William Faulkner, posiblemente el novelista que ha influido más en los prosistas occidentales del siglo XX, recibió el Nobel en 1949. Entonces, pronunció en Estocolmo un discurso, escueto y denso, asegurando que la humanidad prevalecerá si no olvida «las antiguas verdades del corazón y vuelve a escribir sobre el amor, en lugar de hacerlo sobre la sensualidad, sustituyendo el corazón por las glándulas» Si viviese el autor norteamericano, insistiría en sus ideas al ver las continuas derrotas sentimentales filmadas por Woody Allen, o al verificar que han desparecido del horizonte cultural las teorías sobre el amor, las cuales proliferaron desde que Platón consideró al sentimiento afectivo un deseo de engendrar en la belleza, hasta que Simone de Beauvoir difundió que el amor conyugal era el producto de un conformismo burgués en las sociedades regidas por varones.

Hoy, en la octava de san Valentín, el bienaventurado más querido por las grandes superficies comerciales, vamos a detenernos brevemente en las teorías sobre el amor que transcurrieron en la España del siglo pasado, sostenidas por el filósofo Ortega y Gasset, el médico Gregorio Marañón y el poeta Pedro Salinas.

Ortega, en varios ensayos de prosa lujosa, rebatió a Sthendal, para quien el amor no pasaba de ser una cristalización, como la que había visto en las minas de Salzburgo, en la que las virtudes atribuidas a la persona amada no estaban en ella, sino en la mente del amante. Tal le había sucedido a don Quijote con Dulcinea, obnubilado por los libros de caballería, y a Sthendal por sus fracasos amorosos. Ortega, además de refutar al autor de Rojo y Negro, estableció su propia teoría. Piensa que el amor está enraizado en la razón vital, manifestándose como un fenómeno de la atención, tan profunda hacia la persona querida que, en los casos de mayor intensidad, puede apartar al amante de sus menesteres ordinarios, llegando a creerse transformado en el objeto de su sentir. Por eso, en La Celestina, Calixto se transfigura al confesar: «Sí, Melibeo só pues a Melibea adoro y en Melibea creo y a Melibea amo».

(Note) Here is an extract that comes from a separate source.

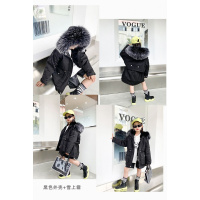 举翼王子男女中小儿童獭兔皮毛一体内胆派克服毛毛皮草外套中长款宝宝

Marañón, orillando el amor alegórico de Dante por Beatriz, «ángel jovencísimo en el que tiemblan violetas virginales» y la dualidad: amor sagrado y amor profano a la que dedicó un libro el Arcipreste de Hita, escandalizó a una sociedad hipócrita, reflexionando sobre la vida sexual, para llegar a la exacta conclusión de que «el amor se vale del instinto sexual como del viento el bergantín». Así, en cierto modo, sobrepasaba el lirismo de los trovadores y las fiebres románticas.

Para el poeta Pedro Salinas, en La voz a ti debida, poemario tenido por el profesor Manuel Alvar como la cumbre de la poesía amorosa española, la cual permanecía anclada en los dulces trastornos de Becquer, el amor es la contestación afirmativa a la pregunta; «y, dime, te acompaña este inmenso querer estar contigo». Pensamiento alineado con el místico san Juan de la Cruz para quien la dolencia de amor solo se cura con la presencia y la figura.

Ahora, en desuso las clásicas teorías que buscaban el consistir del amor, el sentimiento ha pasado de la cultura a la biología y se considera el enamoramiento -antiguo flechazo de Cupido-. la consecuencia de un fluido tan invisible como la gravedad, el magnetismo o la electricidad, que se manifiesta azarosamente cuando coinciden ciertas afinidades biofísicas.